Oger tutorial

strict warning: Only variables should be passed by reference in /var/www/html/drupal-6.31/modules/book/book.module on line 559.

Overview

Oger is a Python toolbox for rapidly building, training and evaluating hierarchical learning architectures on large datasets. It builds functionality on top of the Modular toolkit for Data Processing (MDP). Please read the MDP tutorial before continuing here. 

In MDP, the central concept is known as a node, which is an elementary machine-learning or signal processing block. MDP includes a wide variety of algorithms out of the box (see the full list here). Nodes can be trainable - both unsupervisedly (e.g. clustering) and supervisedly (e.g. classification or regression) - or not (e.g. filters, preprocessing). These nodes can then be used to construct graph-like architectures by concatenating them into what is called a flow.   

Oger packages many machine learning algorithms, but the main focus is around sequence processing algorithms. Particularly, many methods from the field of  Reservoir Computing are available in the toolbox. Reservoir computing is a general computational framework, whereby a non-linear dynamical network of nodes (such as a recurrent neural network) called the reservoir is randomly created and left untrained. The response of the reservoir to the input is then used to train a simple algorithm (usually a linear method) to produce the desired output.

Getting started

Using Oger in your code is as simple as: 

import Oger

This loads all methods and Oger nodes into the namespace Oger.
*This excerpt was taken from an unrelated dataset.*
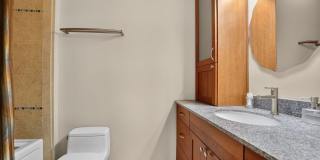 Spacious 5BR House in Longmont Gallery 14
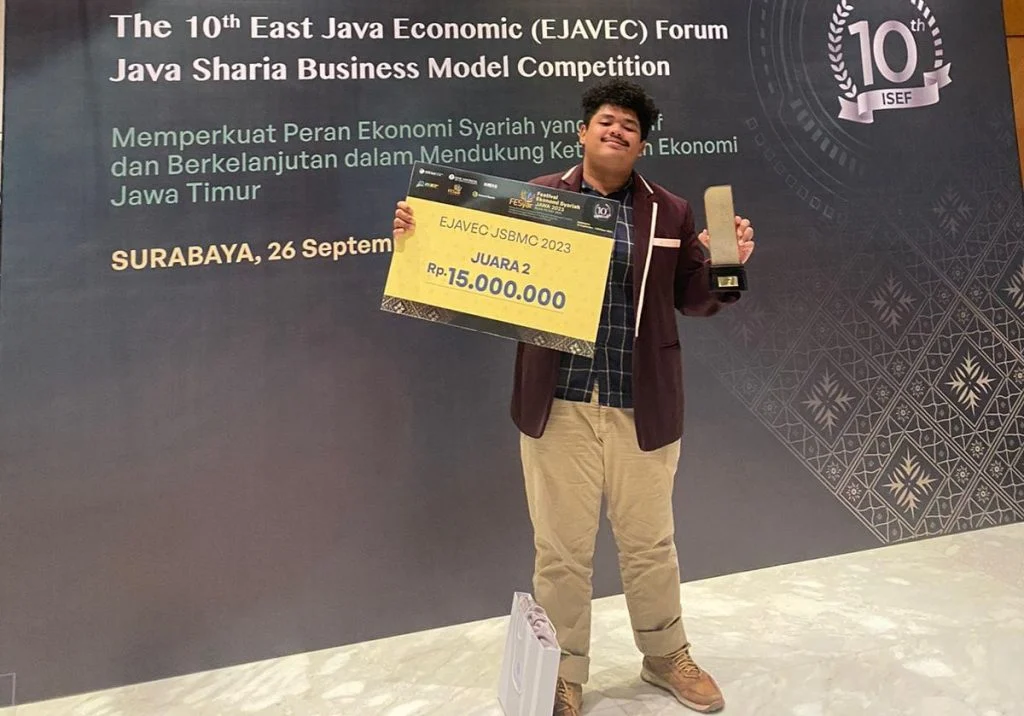 Berkat Juara dan Pengabdiannya pada Masyarakat, Mahasiswa UMM Lulus tanpa Skripsi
The functions and classes further split into these subpackages:

  • Oger.datasets: several common benchmark datasets.
  • Oger.evaluation: evaluation and optimization of flows.
  • Oger.nodes: learning algorithms and signal processing nodes.
  • Oger.gradient: gradient descent training.
  • Oger.parallel: parallellization.
  • Oger.utils: utility functions and classes.

The usual experiment consists of generating the dataset, constructing your flow (learning architecture) by concatenating nodes into a feedforward graph-like structure, and then simply training and appliying it or performing some optimization or parameter sweeps.

A simple experiment

You can create a node by simpy instantiating it. For example:

resnode = Oger.nodes.ReservoirNode(output_dim = 100) 

This creates a reservoir node of 100 neurons. Let's create a ridge regression readout node:

readoutnode = Oger.nodes.RidgeRegressionNode()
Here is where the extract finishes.